Los alemanes son gente entrañable en su frialdad. Granjeros y comerciantes que, llegado un momento de su historia –nadie sabe muy bien cómo–, empezaron a fabricar vehículos BMW, electrodomésticos Bosch y maquinaria de todo tipo extremadamente precisa y bien hecha. Por eso, por ese sentido primario, casi aldeano, de la existencia, no son muy amigos de experimentos políticos, y más cuando escarban en su propia historia y se les ponen los pelos como escarpias al contemplar las consecuencias últimas de ciertos experimentos por los que han tenido que pagar –hasta la última letra– una gran factura; de hecho, aún la están pagando en los estados del este. Esta es la razón principal por la que Alemania es, desde hace 60 años, un modelo de estabilidad, y posiblemente el país más aburrido de Europa en lo que a jaleos políticos se refiere.
Sólo así puede entenderse la famosa Grosse Koalition de 2005, que juntó en el Gobierno a conservadores y socialistas. Aquí, claro, eso nos parecía una cosa del otro mundo. Pero el votante alemán lo que más valora es la tranquilidad y que no le den la murga. Los odios políticos, por añadidura, nunca son bienvenidos en un país que tuvo ración doble de ellos durante el siglo pasado.
De todas formas, era una situación era anormal, fruto del bloqueo mental que los alemanes han padecido en los últimos diez años. La izquierda risueña, ecologista y boborrona del dúo Schröder-Fischer les metió de cabeza en la peor crisis desde la Guerra, socavando la autoestima y el orgullo de un pueblo acostumbrado a ir siempre un paso por delante en todo; la derecha, por su parte, no se aclaraba ni en la forma ni en el fondo. En 1998 el candidato democristiano fue un amortizadísimo Helmut Köhl; en 2002, un viejísimo y bavarísimo Edmund Stoiber, y en 2005 una ossi desconocida con cara de profesora despistada a quien los alumnos le copian en los exámenes.
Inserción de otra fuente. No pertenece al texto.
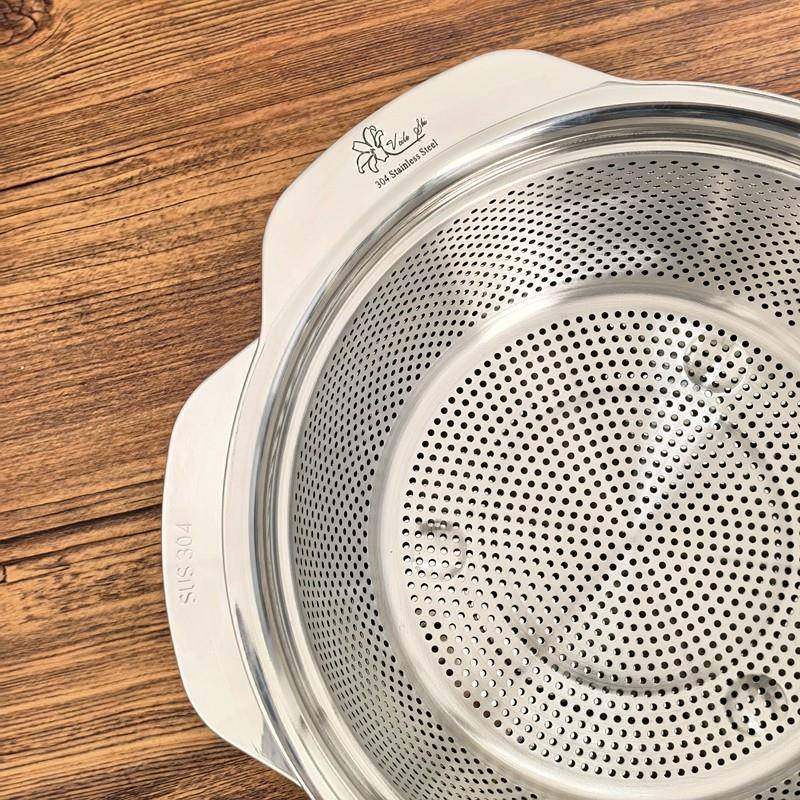 304加厚锈不钢盆和面盆不锈钢沥水篮CYT菜盆打蛋盆厨房盆家洗用子,淘宝优惠券,粉丝福利购,淘宝优惠卷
Eso en la forma, que importa, y mucho, en las democracias modernas. En el fondo, la CDU ha sido durante 10 años un quiero y no puedo ideológico. Lo probó todo para encontrar un mensaje propio, fracasando una y otra vez. Se apropió del programa socialdemócrata y, lo que es peor, del programa verde, y acabó por ser más estatista y más ecologista que nadie. Al final, los conservadores han hecho el pequeño esfuerzo de escuchar a sus votantes, al tendero de Múnich que los sábados por la noche se pega con cola al televisor para ver Musikantenstadl, al jefe de personal de una empresa de Stuttgart hartito de dejarse la vida pagando impuestos, al operario de una fábrica de Bochum que aún sigue yendo a misa y que trabaja duro para que le asciendan, al agente de bolsa de Fráncfort que busca trabajo en Wall Street. Ese es el público de la CDU, y a ese público, machacado por uno de los Estados más intervencionistas y metomentodo de Europa, hay que llegar con un mensaje claro, realista y sin artificios.
Lo que a la CDU le ha faltado y le sigue faltando se lo ha puesto de gratis el FDP, partido minoritario, implantado en el oeste y eminentemente urbano. Los liberales de Guido Westerwelle han cogido esta vez el carro y tirado de él, arrastrando a los conservadores, que no han parado de hacerles guiños cómplices durante la campaña. El programa del SPD es el negativo del que presentaron las dos momias de la izquierda germana: Gregor Gysi, comunista a la soviética, hijo de un ministro de Cultura de la RDA, y Oskar Lafontaine, representante eximio de la izquierdaza germano-occidental en su peor tradición.
El triunfo, por tanto, es compartido. Merkel gobernará, pero sólo podrá salir bien librada del brete si adopta como propias las ideas de su socio, las únicas verdaderamente revolucionarias en estos tiempos de crisis, las únicas que constituyen una alternativa al rebrote de colectivismo que padecemos.